On Friday, 26 August 2011, the President of Poland, Bronislaw Komorowski, signed legislation which will allow many of Poland’s irregular immigrants, estimated by the government to number between 40,000 and 100,000, to regularise their status. From 1 January 2012 irregular immigrants in Poland will have 6 months to submit an application for regularisation.

Applications may be submitted by irregular immigrants who have been continuously present in Poland since 20 December 2007 and by asylum seekers who were denied refugee status before 1 January 2010 and who have been continuously present in Poland since that date.

Successful applicants will be granted a two-year residence permit which will also entitle them to work without a work permit. It will not, however, be possible for those regularised to count these two years as part of the continuous legal residence period required for acquisition of EU long-term residence status.

This is Poland’s third regularisation programme. The first was carried out in 2003 prior to the country’s accession to the EU and the second was conducted in 2007 in anticipation of Poland’s membership of the Schengen zone. Both facilitated regularisation of the status of a combined total of less than 6000 applicants, a tiny number of the country’s irregular immigrant population. This was largely due to extremely restrictive eligibility criteria.
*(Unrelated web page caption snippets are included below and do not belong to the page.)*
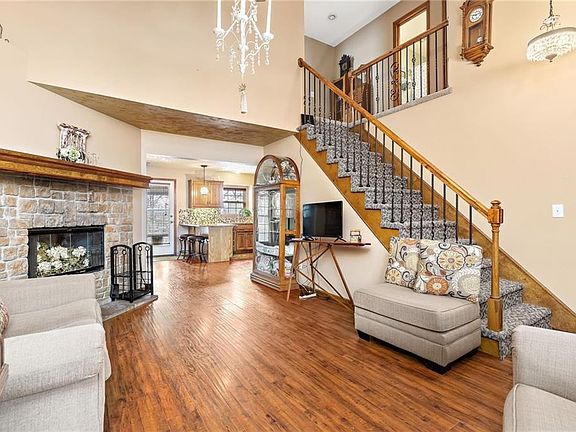 4th image of 6619 W 150th St #6619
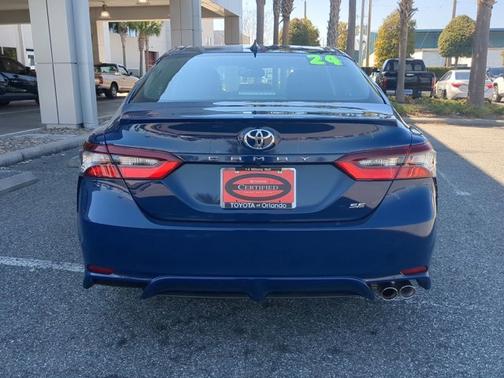 2024 Toyota Camry SE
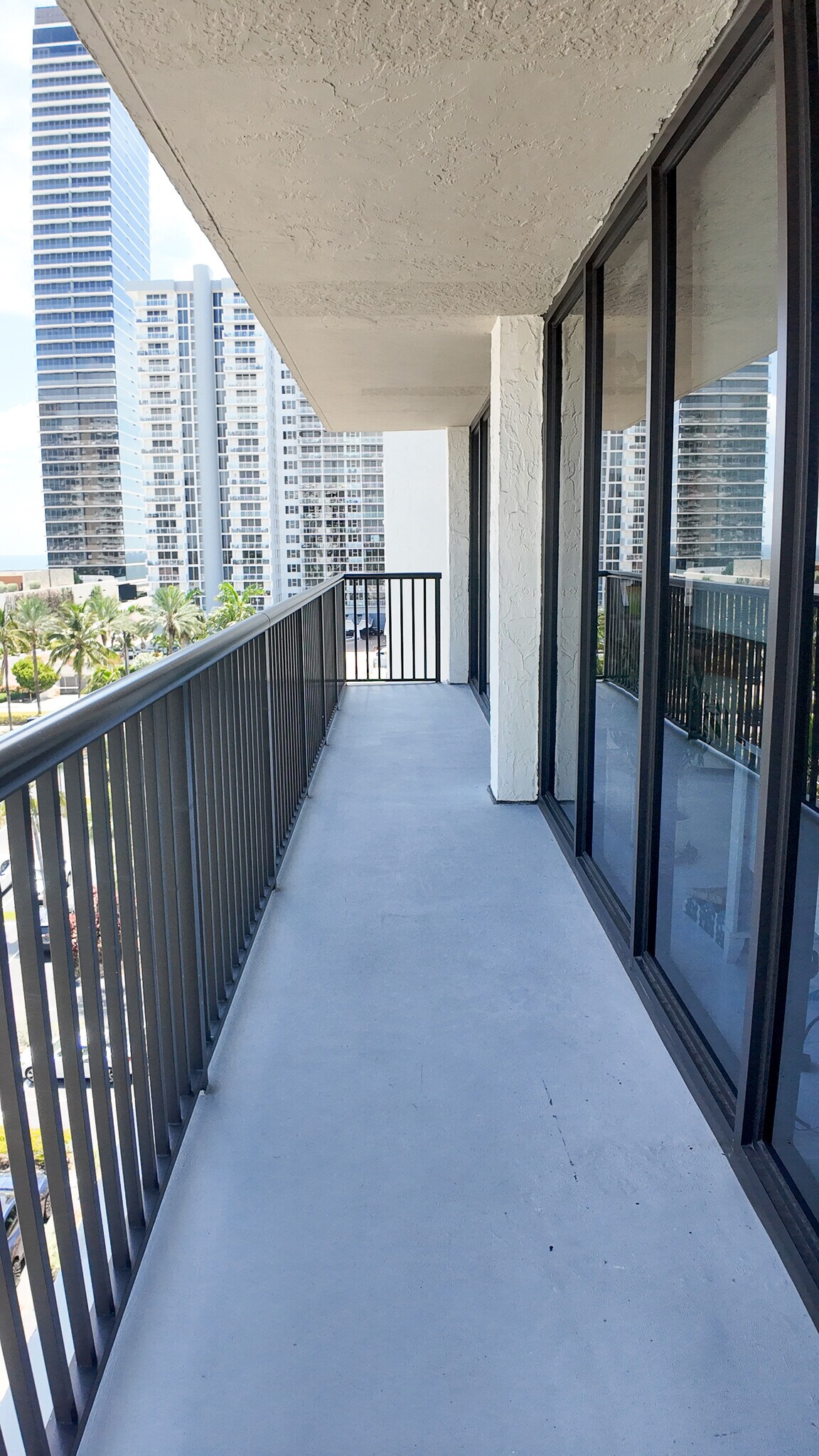 Building Photo - 2049 S Ocean Dr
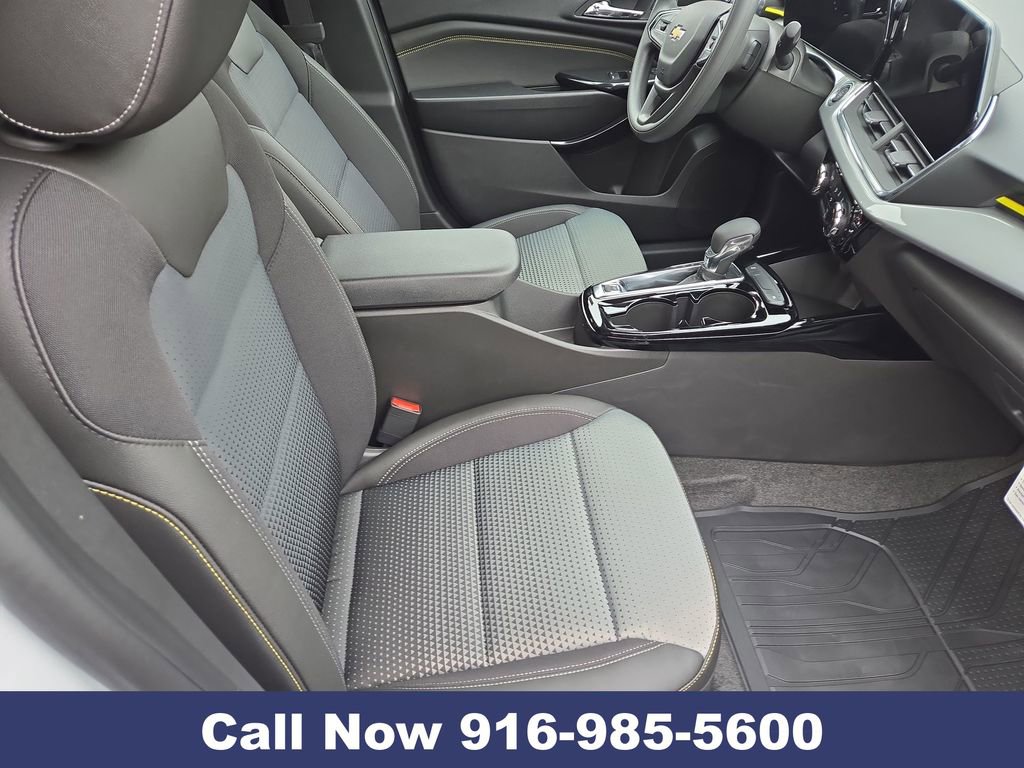 New 2026 Chevrolet Trax LT image 32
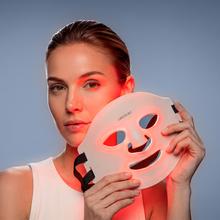 FaceCare LÜM Champagne Mascara LED facial con 9 colores y funcionalidades, infrarrojos, 360 puntos de luz y silicona médica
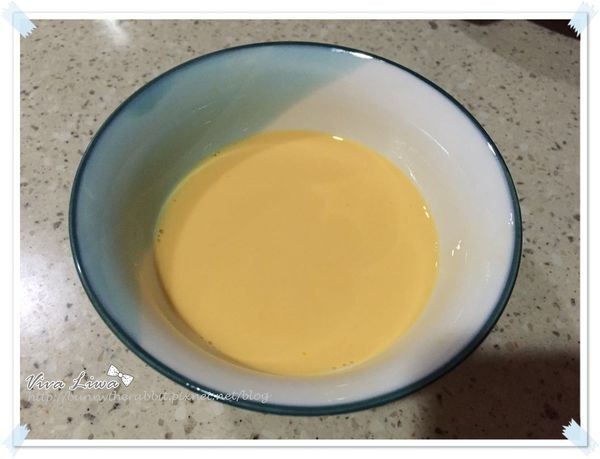 副食品 蛋黃蒸蛋 母乳 配方奶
In 2003 and 2007, for example, applicants for regularisation had to show legal title to residential accommodation and submit proof that they would have employment.

The more applicant-friendly eligibility criteria of the 2012 regularisation suggest that the country has learned from past mistakes and are also testament to the efforts of Polish NGOs active in the field of migration.

While the upcoming regularisation programme has been positively received by civil society in Poland, Ksenia Naranovich of Fundacja Rozwoju “Oprócz Granic” (Foundation for Development Beyond Borders) has highlighted the need for the regional authorities around Poland to be adequately prepared to deal with the volume of applications. Fundacja Rozwoju “Oprócz Granic” estimates that there will be tens of thousands more applications than the several thousand anticipated by the government.

The largest numbers of applications are expected to come from Ukrainians, Vietnamese, Armenians and Chechens.

The 2012 regularisation, and the publicity surrounding it, is an acknowledgement of the fact that Poland is not just a country of emigration. The country’s continued economic growth, coupled with the emigration of more than one million Poles since accession to the EU in 2004, provides ideal conditions for bringing irregular immigrants out of the shadows into the mainstream of society and the legal labour market.

Indeed, having signed the new regularisation programme into law, Bronislaw Komorowski noted that as an increasingly attractive country for immigrants Poland needs a conscious policy on immigration, the lack of which is highlighted by the need for a third regularisation programme. The President will encourage the new government to address the lack of such a policy following the general election in October.

Whatever the legal and political failings which resulted in the need for yet another regularisation programme in Poland, the 2012 regularisation will make a reality for a potentially large number of irregular immigrants of the President’s vision of Poland as a country “open, hospitable and friendly to people seeking in our State new opportunities for better lives.”